Saturday, May 14, 2011

Walker To DNR: Toady To Business

The hits inflicted by Scott Walker on the state he hoodwinked in November just keep coming:

Unions stripped of collective bargaining, students and minorities willfully disenfranchised, secondary schooling turned over to the private school movement, highway builders showered with funding while bus systems are starved, food stamp eligibility to be handed over to a for-profit firm, privatizing the UW-Madison's management - - it's hard to keep score of the intentional moves Scott Walker is making with his 52% mandate to turn Wisconsin from a democratic entity into a corporatist state where business and bottom lines come before public service, transparency and citizen control.

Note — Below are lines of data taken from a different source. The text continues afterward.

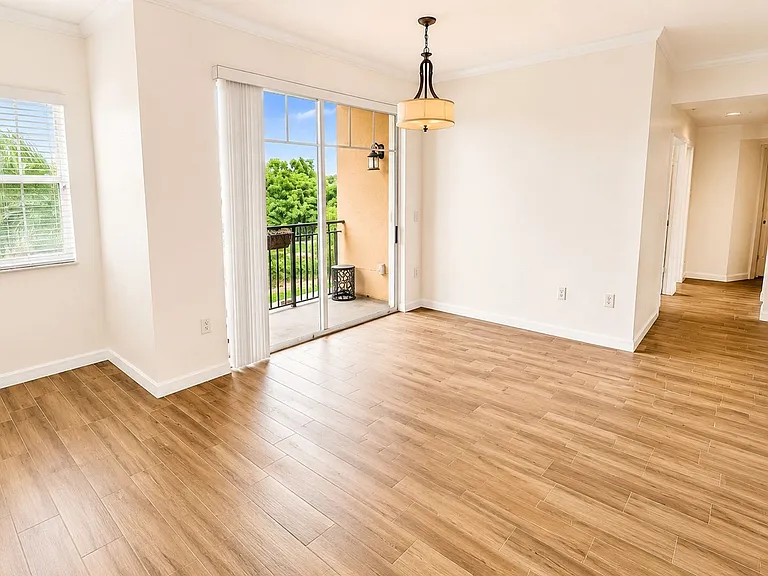 1064 N Tamiami Trl #1325 — Photo 7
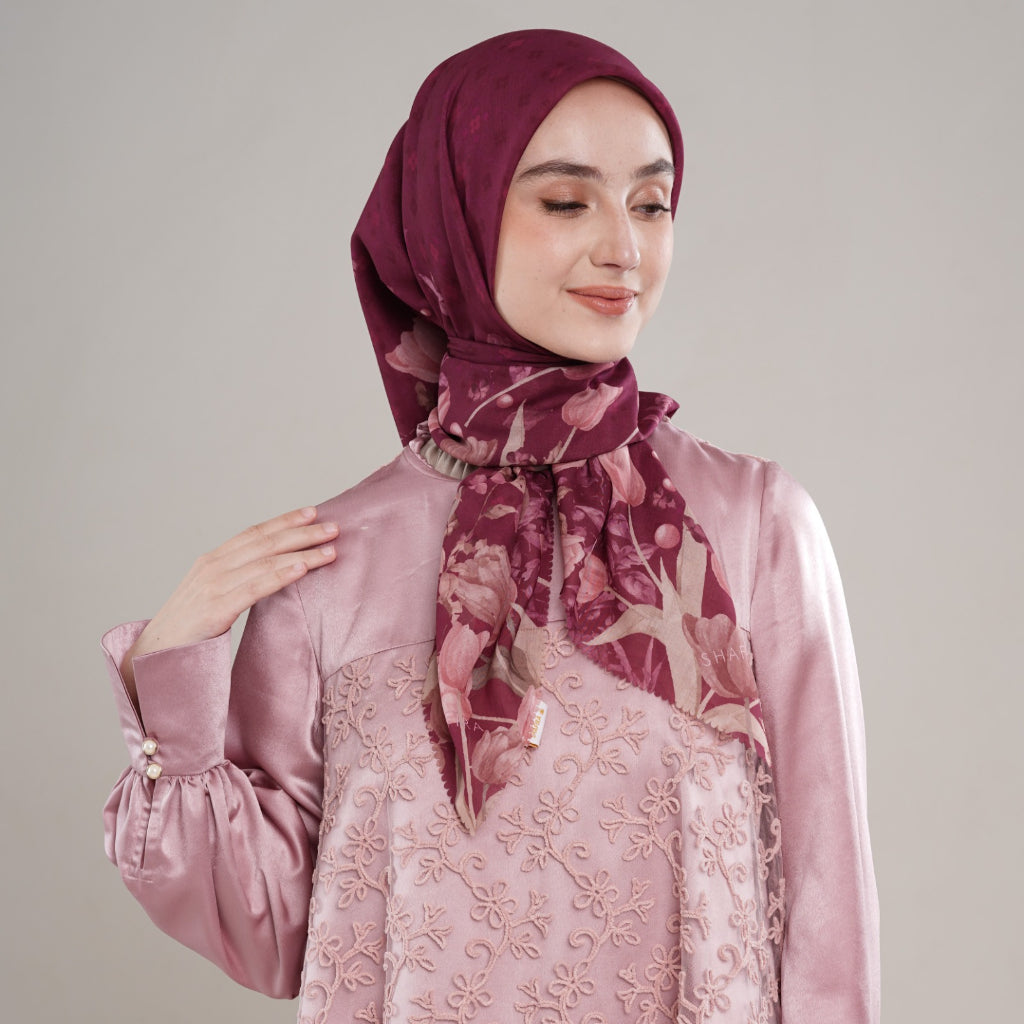 Shafira MIkayla Printed Scarf Ultra Voal | Hijab Segi Empat | Kerudung Motif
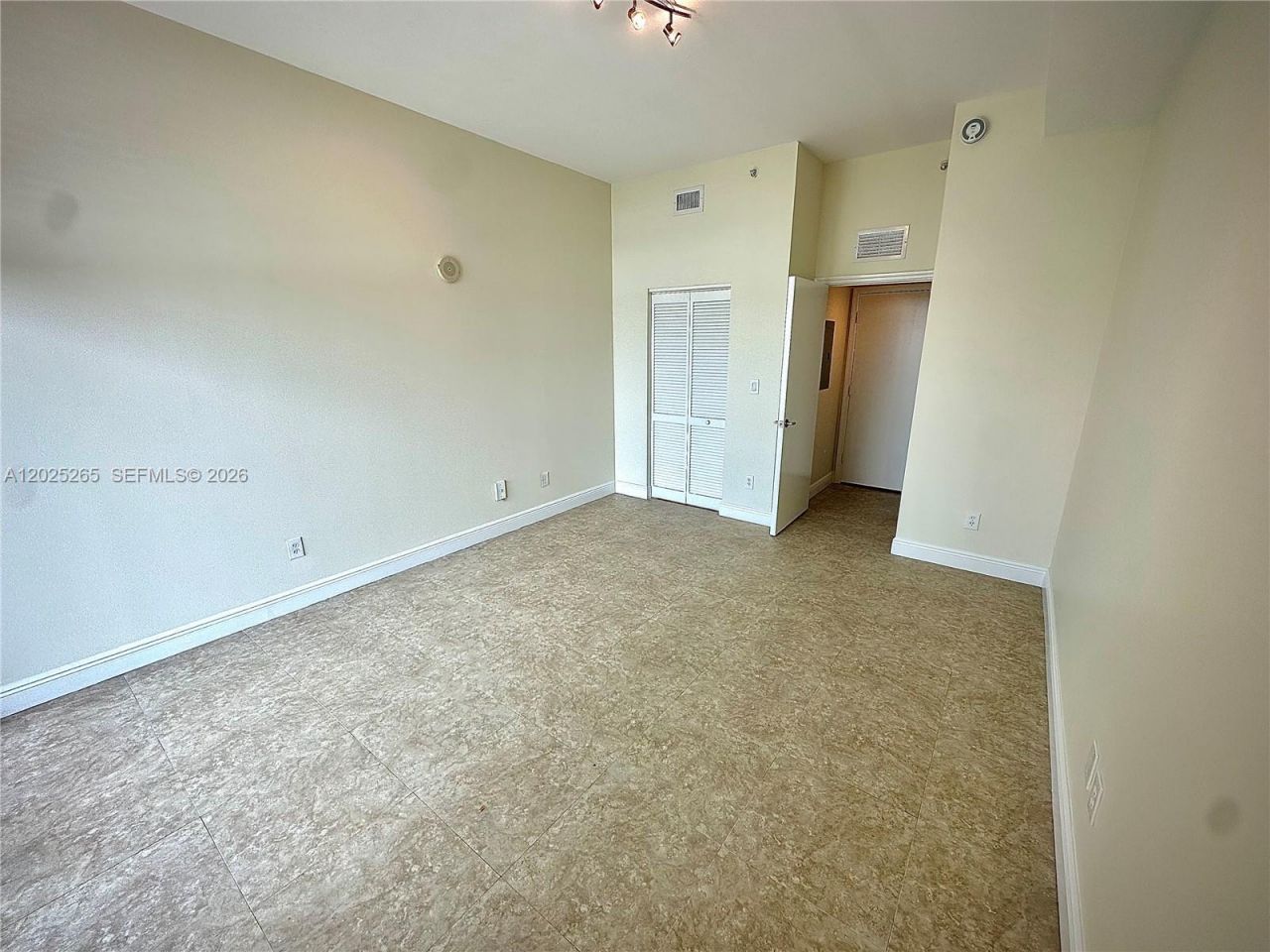 2525 SW 3rd Ave , Unit 705, Miami, FL 33129 Photo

Add to the list a stunningly imperious grab, even for Walker: the easing of natural resource permitting by changing timetables at a freshly business-dominated Department of Natural Resources (industry and trade association types now hold the position of Secretary, Deputy and head of the air quality division), and ignoring independent scientific advice when projects are being reviewed.

In other words, turn regulation and reviews for the common good into supporting material for "Employee of the Month" entries collected by the folks in HR.

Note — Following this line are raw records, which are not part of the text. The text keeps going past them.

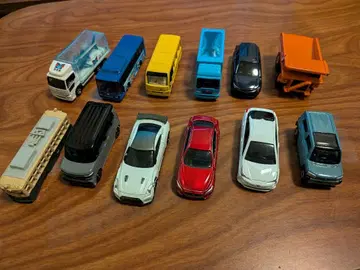 토미카 60대 세트입니다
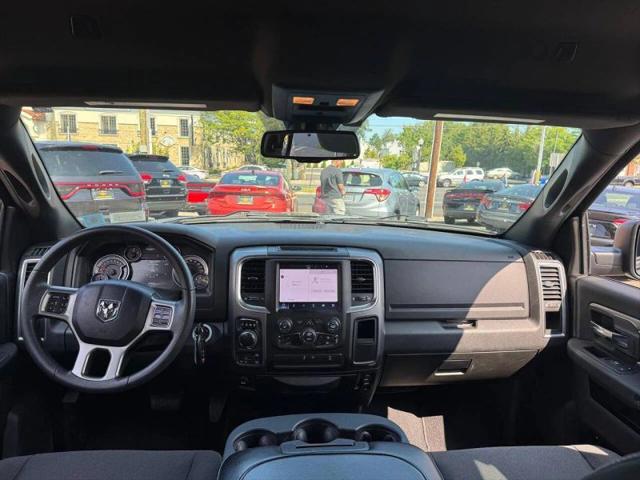2022 Ram 1500 Classic Warlock Crew Cab 4x4 5'7" Box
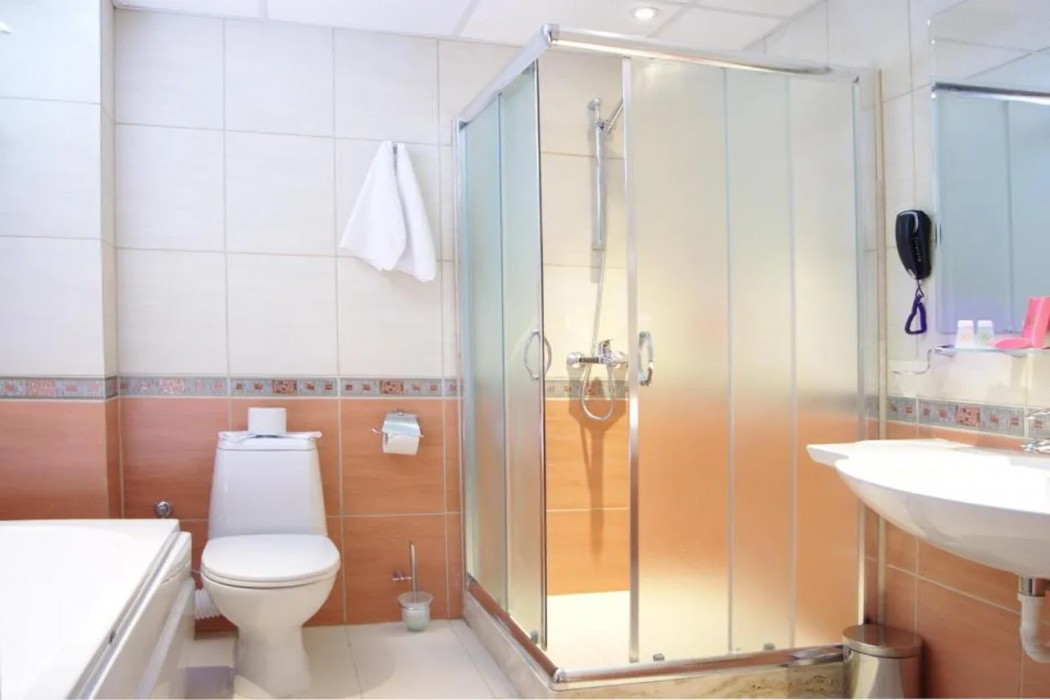Estreya Residence 24/58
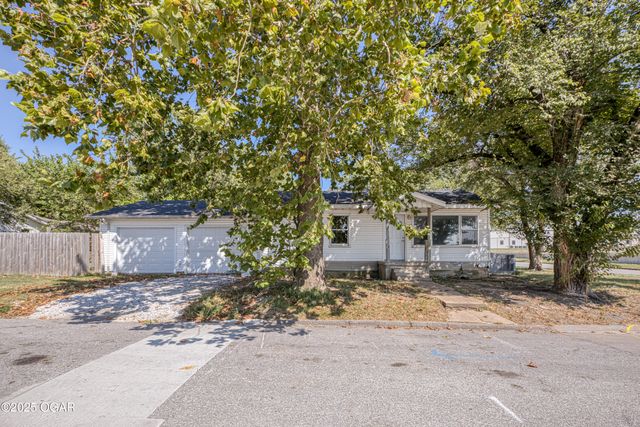 235 Comingo Avenue, Joplin, MO 64801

The remake of the DNR - - nicely summed up by the Wisconsin League of Conservation Voters - - will turn it into a subsidiary of the Wisconsin Manufacturers & Commerce; a piece of a plan to make the state and its resources serve the Club for Growth and the Republican Party.

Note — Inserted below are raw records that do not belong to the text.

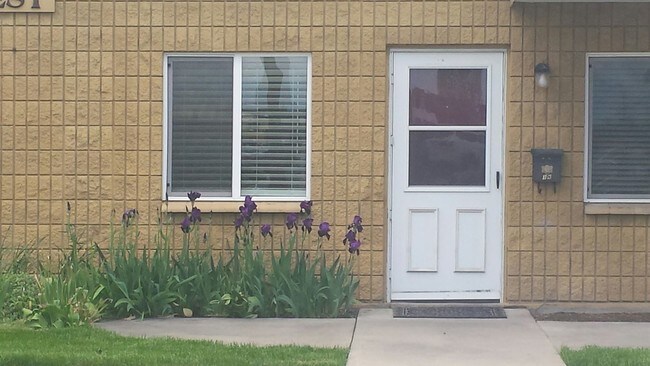 Foto del edificio - 2 br, 1 bath House - 234 3rd Ave. W. #1N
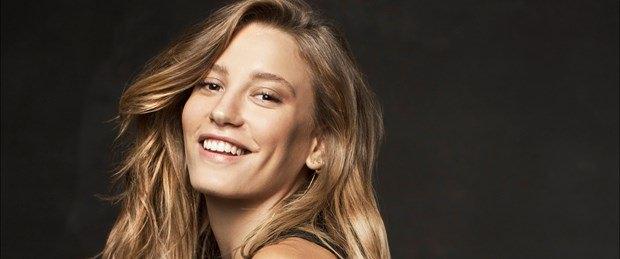 <p><strong>Serenay Sarıkaya</strong></p>
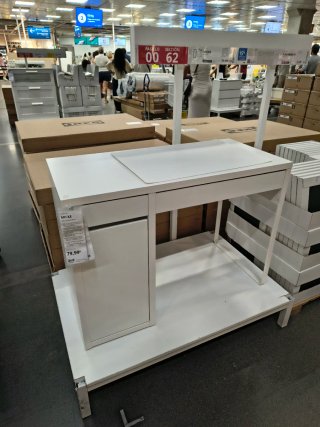 Mesa de estudio blanca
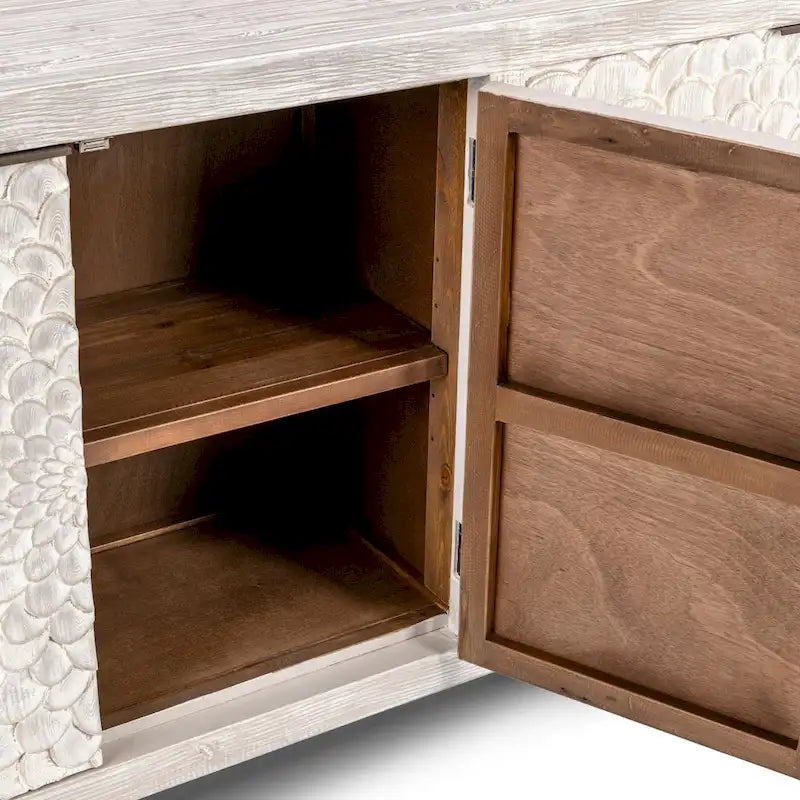 Buffet 4 portes en pin recyclé, portes sculptées à la main, finition crème vintage, étagères réglables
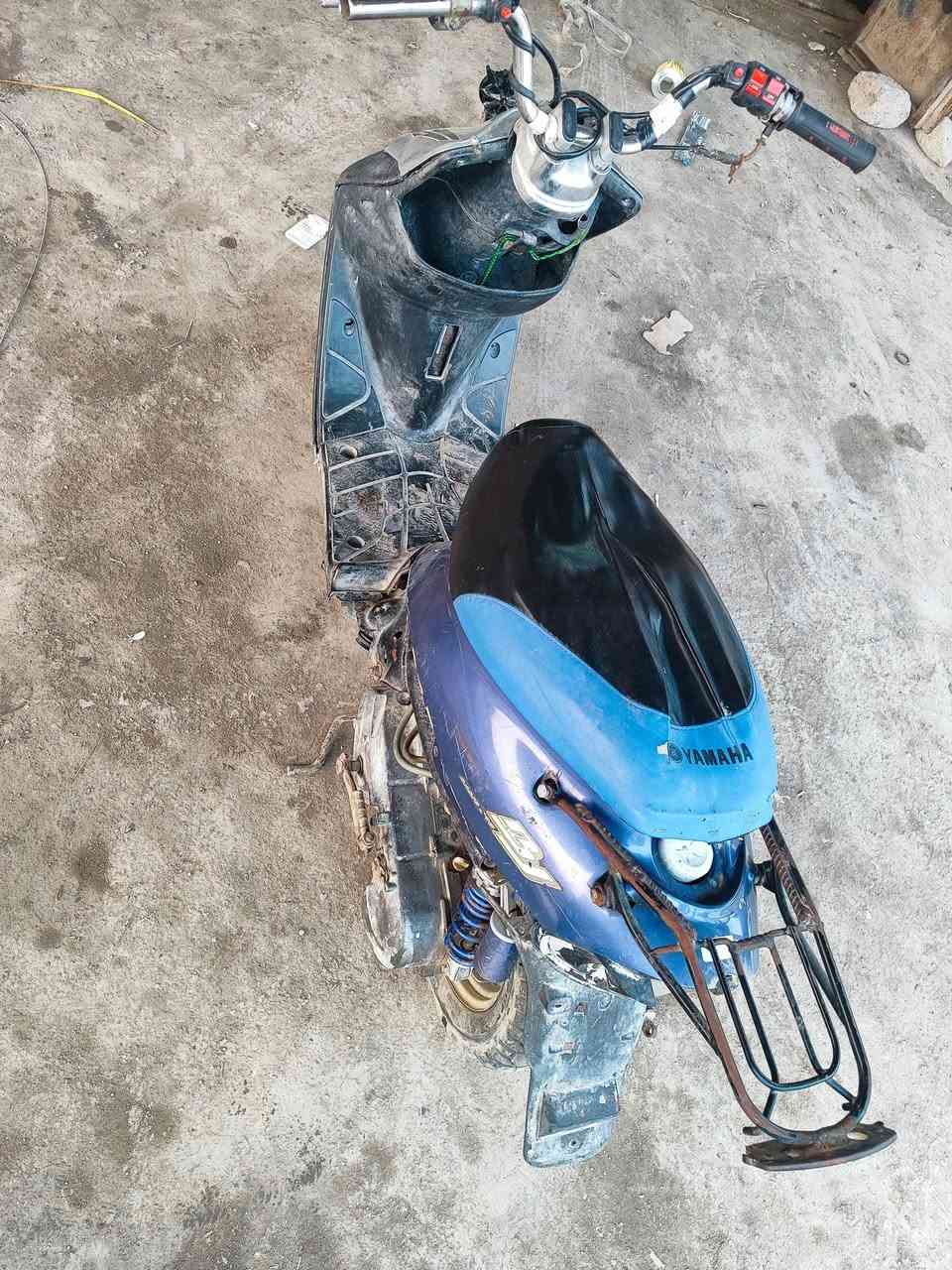 السلام عليكم مكلف بلنشر دراجه تسعه حلوه مكينه ناعمه سلف لايت بس يرادله باتري السعر150رقم صاحب الدراجه***********المكان هوير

Look for another round of resignations at the DNR by people who wanted to do public service, not filing and rubber-stamping for trade associations, their lobbyists and the CEO's who call the shots.

It may take decades to undo the harm that Walker and his right-wing think tank playbook are doing to this once progressive state, where icons like Gaylord Nelson and Aldo Leopold worked tob equeath legacies of open lands and clean waters for generations coming later.

The Walker crowd will leave behind smoggier air, dirtier water, filled wetlands and better quarterly earnings reports by the corporations and law firms who will hire, or rehire back, the people whom Walker installed in public service positions to drag Wisconsin back to the 1950's.